Vani also wishes that her parents would show her more affection, rather than simply being coldly proud of her. Her friends are wonderful, but she has always longed for a true mother and father, and finds them (two of each, even!) in her music teachers, brother and sister minstrels Cat and Skylark; Cat's wife Rye, a cook at the palace; and Skylark's husband Trey, a woodcarver and storyteller. With the help of their simple, whole-hearted approval and love, Vani starts to blossom as the scholar and lady she was born to be.

When Vani finally realizes that the fairy-tale destiny named in her prophecy is nothing she wants, it may already be too late. Will she be able to trick her fate into allowing her a true Homecoming?


This novel provides examples of:

  • Arranged Marriage: Vani and King Malak are prophesied to marry.
  • Blue Blood: Many of the characters are aristocrats or members of the landed gentry.
  • Expy: Fans of the the author's other works will no doubt be amused to notice the similarities between Trycanta's pantheon and members of the Pack and the Pride from the Dangerverse. The author acknowledges it too, but has taken care that those who haven't read any of the Dangerverse can still follow the story.
  • Fantastic Racism: The King detests all non-humans.
  • In Medias Res: The story starts after Vani has been rescued by her parents.
  • Interspecies Romance: The Lyrror and Mazor can transform themselves into human shape and interbreed with humans.

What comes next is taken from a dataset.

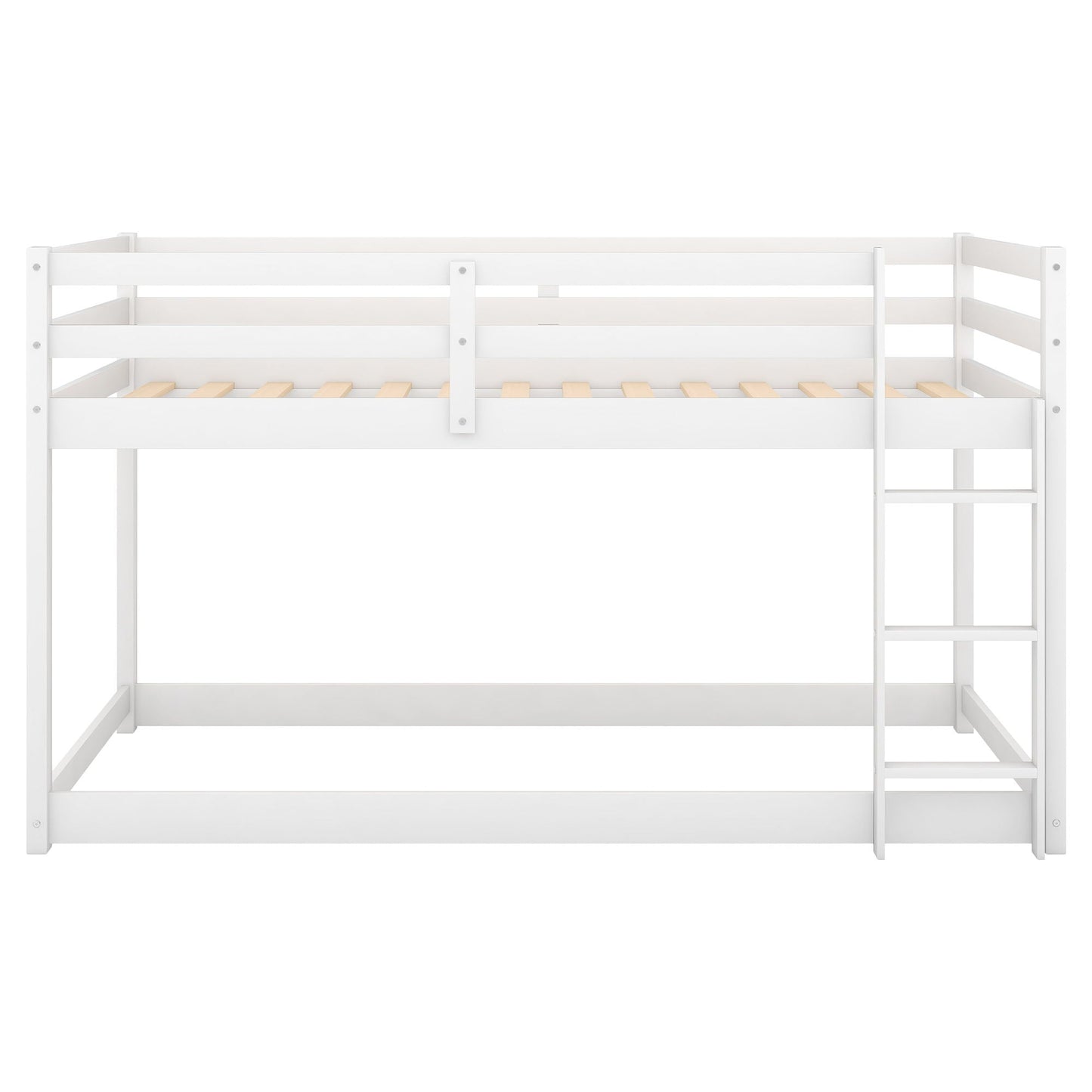 Floor Bunk Bed With Ladder in white finish with safety rails on top bunk on Tampa Home & Garden Store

This transformation costs them; Lyrror tend to suffer swelling of the joints, while the Mazor cannot walk without pain. Offspring can freely switch between the forms of the two parents, though their non-dominant form will still suffer the same ailments.

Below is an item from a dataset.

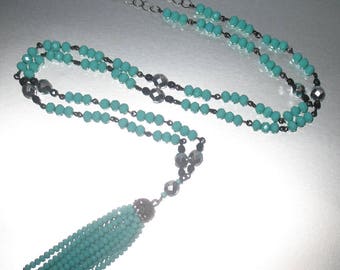 Turquoise with Silver and Black Crystal and Glass Long Beaded Tassel Necklace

  • Love at First Sight: Carle and Modi.
  • Magitek: Sir Drale is building a toaster with a fire spell to replace the heating elements.
  • Mega Neko: The lyrror.
  • No Pronunciation Guide: Averted; there's a pronunciation key in the front of the book.
  • Obfuscating Stupidity: Aysi. Lady Gelinza as well.
  • Playing with Fire: Fire mages, such as Cat and Stefane.
  • The Voiceless: Mazor are perfectly capable of vocal speech, but consider it incredibly crass and barbaric. They prefer to communicate with sign language.
  • Unreliable Narrator: Vani for most of the book.